Typically, I go the wellness route. One year, I committed to drinking plenty of water. Another year, I committed to less yelling. One year, more recent than the others, I committed to the grace of mercy by forgiving those who have wronged me in the past.

The French word for ‘thank you’, merci, is a daily implementation of mercy. Gratitude is a practice of acknowledging the gift of others. The gift of others. The practice of mercy untethered me from a victim mindset to one of growth. Even pain, and in my case, trauma and PTSD, was a gift of others. Suffering is usually not a human condition one enters into by themselves, and only our most-whole selves can begin to understand the gift, the transference, of another’s pain.

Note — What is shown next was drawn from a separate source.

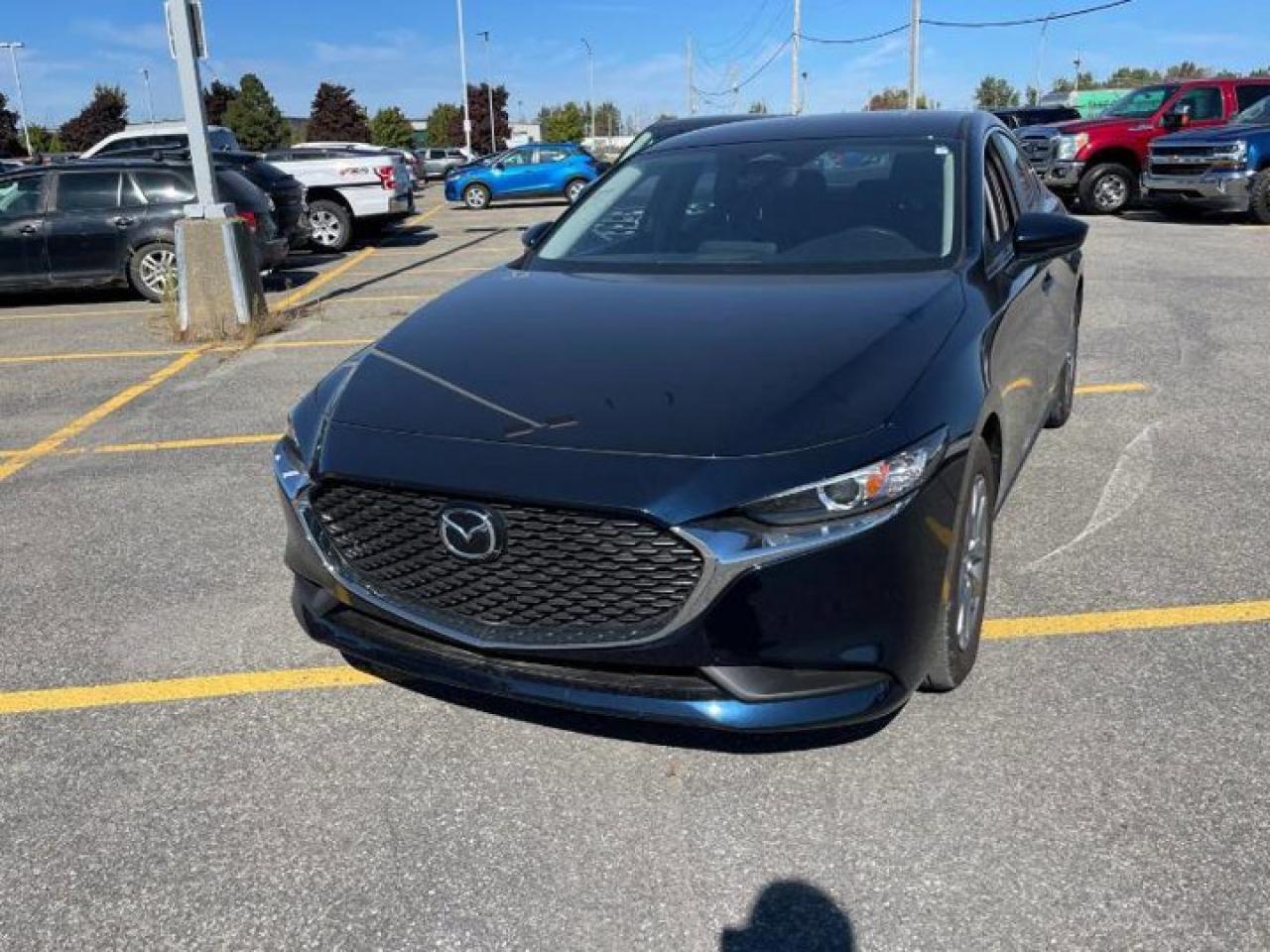 Used 2025 Mazda MAZDA3 GX | Adaptive Cruise | CarPlay | Android Auto | Heated Seats | Rear Camera | Keyless Entry & More ! for sale in Guelph, ON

For my Self to feel whole, I had to practice mercy on myself. Forgiving my past failures and fears was much harder for me than forgiving others. Learning to treat myself equally, to not be my own victim, was a step that allowed me to face life’s uncertainty with the dignity that I deserved. Mercy doesn’t seek revenge or tolerate injustice. It’s a fortitude that allows the dissolution of control. When we let the nature of things go where they will, when we stop trying to counter the force of the hurricane, we are rewarded with nature’s inclination for balance.

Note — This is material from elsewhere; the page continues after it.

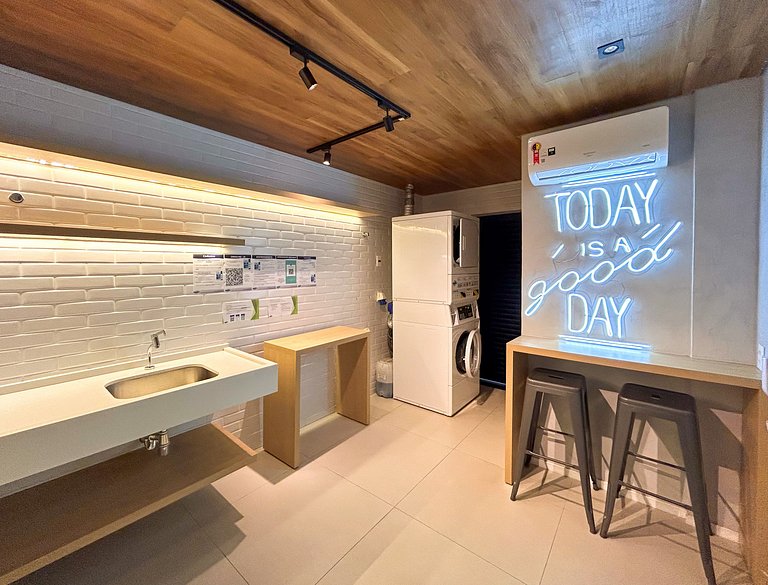 Brise Studio in Pamplona • AC, Wi-Fi & Walk to Paulista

By practicing mercy in the world, the opportunity for gratitude grew stronger which allowed me to feel less concerned about being wronged or shortchanged. Somewhere in my childhood, the notion that everything was supposed to be idyllic and perfect set a high standard, somewhere near the mark of 100%. It took me many years into adulthood to recognize this ideal was unnecessary, and quite frankly, impossible. My happiness is quite full, even at the 75% mark. For that, I am grateful.

For me, Lent is not just a period of deprivation, but a time for reflection. We are all shortchanged in life, but the lack doesn’t correlate with our worth. Digging deep to a place of forgiveness and mercy is an act of integrity and compassion. The world could use more of that.

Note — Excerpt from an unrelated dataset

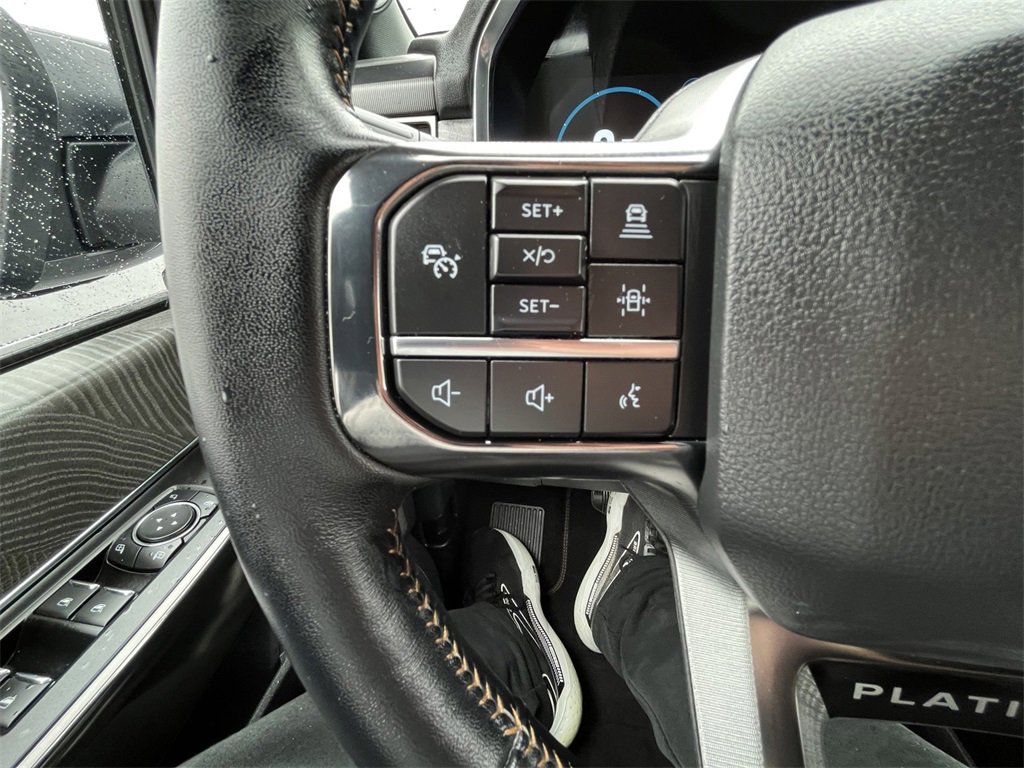 Certified 2022 Ford F150 Platinum w/ Equipment Group 701A High image 18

Faith, love, and hope symbolized on a maritime cross from St. Marie de la Mer, France

Wednesday Wisdom: Doubt

The snow is still falling here in Montana. When I look outside, a yellow patio table beams like sunlight against the white-washed everything, a beacon of hope for spring, although it seems like it may take forever before we are rewarded with a hint of green.

My brain feels snowy these days, overwhelmed by the singular vision of commitment that a book-length project can bring. On Monday, I submitted a short memoir piece to Creative Nonfiction magazine for a contest with the hope that working on a new story would have inspired me with vigor. I do not expect to win. It was a goal I set in January, and I am learning how hard I am to myself when I let myself down.

Writing nonfiction brings me to desolate places. I wonder if I will ever finish my memoir, if I’m creating a cohesive narrative, if my story will resonate with the right readers, or if it will have any readers at all. Doubt is a nightly snowfall to clear away in the daylight, because underneath doubt is a narrative that brings hope to the world. Every person has a story worth telling, a life worth sharing, and withholding the hardest stories cheats the world from the truth.

At the Oscars on Sunday night, Samuel L. Jackson said, “The easiest thing to do in the world is to not write.”

This off-hand comment was the wisdom I needed to hear. Doubt was given to me by voices who didn’t agree with my message, who thought my pain should be stifled, that my voice should be silenced, that my worth shifted on a scale of obedience. Doubt was given to me by myself when I diminished my self-worth enough to believe them.

Silence is the snowfall that allows the perpetuity of abuses in relationships and society. Writing is only one of the numerous means to declare power where voice was stolen and dignity denied. I write to dispel the shame of those who seek only their humanity in a world that forbids it. Emotions are not weakness—they are fire. Sitting at my computer, when I gaze outside, I can’t help but think what a beautiful time it is to be alive.